But the fact remains that both Ellsberg and Snowden were simply telling the American public something we needed to know, and that the government would not tell us. What has surprised and troubled me most about this incident, however, is not the surveillance itself, since I suppose we ought to have suspected it and seen it coming. As our government grows ever larger, more secretive and more imperious, what is to stop it from snooping on anyone (although the idea that it was snooping on everyone is a bit surprising). No, what troubles me now as the story unfolds is the reaction of both leading political figures and the public in general.
Many prominent politicians, including the president and members of Congress, are actually defending the NSA program. No less a figure than our own Senator Diane Feinstein, a liberal relic of another era of politics and hairstyle, has insisted that the program is both necessary and legitimate. And polls seem to indicate that the majority of the public do not seriously object to having their phone records and emails confiscated in secret by the federal government, as long as it is being done "to keep us safe."
The truth they seem to be missing is this: What is the point of securing the safety of a society by altering its fundamental principles? If we now submit to such pervasive government violation of our rights in response to the threats of the terrorists, then have we not admitted that the terrorists have won? To put it simply: If the terrorists can force us to stop behaving like Americans, then they have already beaten us.
Under any circumstances, and notwithstanding any argument about national security, the Prism program is an outrage against our rights and our privacy, and a chilling lesson about the dangers of a government grown out of control.
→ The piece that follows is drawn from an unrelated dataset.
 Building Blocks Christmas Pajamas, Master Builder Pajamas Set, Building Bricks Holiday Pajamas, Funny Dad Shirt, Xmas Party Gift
Yet, much of the media remains subdued in its coverage and evaluation of it. Why should this be so? The answer, as it usually does, lies in the politics of the matter. Had this program been revealed under a Republican administration, there would have been a media meltdown such as we have not seen since Watergate. But the media by and large cheer-leads for the Obama administration, and, of course, he is the first black president, and so, despite the fact that this scandal touches the lives of every American, even beyond the reach of the IRS scandal, the media mutes itself, for fear that it might taint, or even threaten their favorite son.
However, in my view, this matter is so serious in its scope and its implications that it rises far above the quotidian concerns of mere politics. We are all being targeted now, my fellow citizens - not just conservative groups. The other day, a Hollywood celebrity announced that she was not bothered by the targeting of the Tea Party; in fact, she was pleased because she did not like the Tea Party. By a coincidence, this celebrity is Jewish, and I could not help but wonder, as I listened to her rattle on: When will she learn? There were those once who were not bothered when government targeted Jews, because they did not like Jews; nor were they bothered when it targeted homosexuals, because they were uncomfortable with homosexuals; and neither did they object when government targeted the retarded and mentally ill, and gypsies and foreigners. Only when the government targeted them did they awake to the danger, and by then it was too late.
Well, now Edward Snowden has revealed that the government has targeted all of us, and we had better wake up to the fact that we may be very close to it being too late already.